• DATA:
┌──

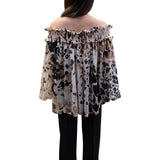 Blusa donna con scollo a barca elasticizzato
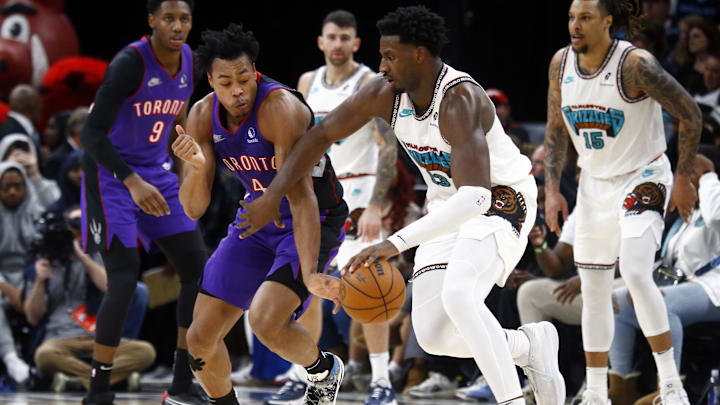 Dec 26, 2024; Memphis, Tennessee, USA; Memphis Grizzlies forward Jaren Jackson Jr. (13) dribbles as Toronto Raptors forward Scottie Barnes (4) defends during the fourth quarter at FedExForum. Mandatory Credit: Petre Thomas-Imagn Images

└──
┌──

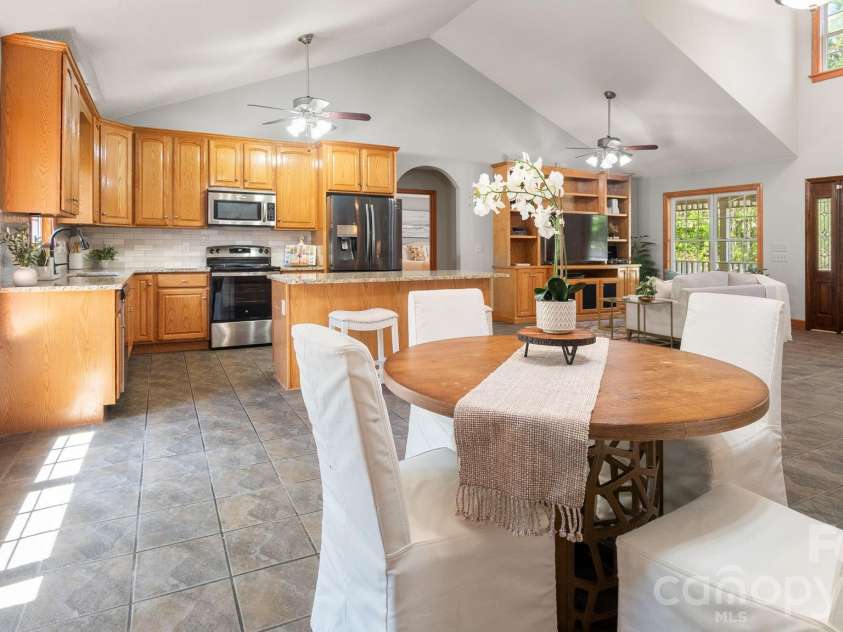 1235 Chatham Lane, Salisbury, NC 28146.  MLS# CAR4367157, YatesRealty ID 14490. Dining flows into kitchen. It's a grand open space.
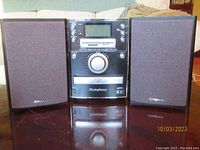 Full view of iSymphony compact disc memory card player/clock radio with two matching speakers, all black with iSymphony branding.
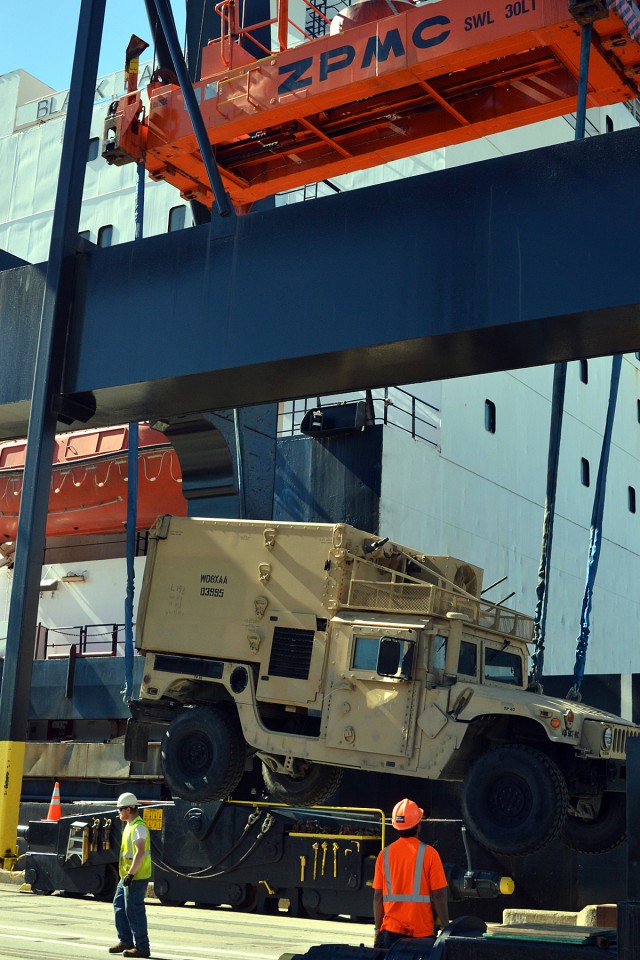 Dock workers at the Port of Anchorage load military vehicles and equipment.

└──
┌──

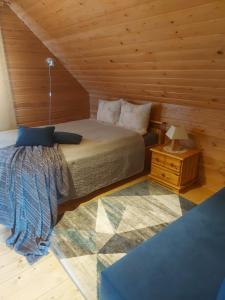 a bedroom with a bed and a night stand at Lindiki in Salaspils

└──

• ACTION ITEM:
Set down again, word for word, every line from the one with "Full view of" to the one with "Dock workers at" in the entries above, and omit the pictures.

• ANSWER BELOW:
 Full view of iSymphony compact disc memory card player/clock radio with two matching speakers, all black with iSymphony branding.
 Dock workers at the Port of Anchorage load military vehicles and equipment.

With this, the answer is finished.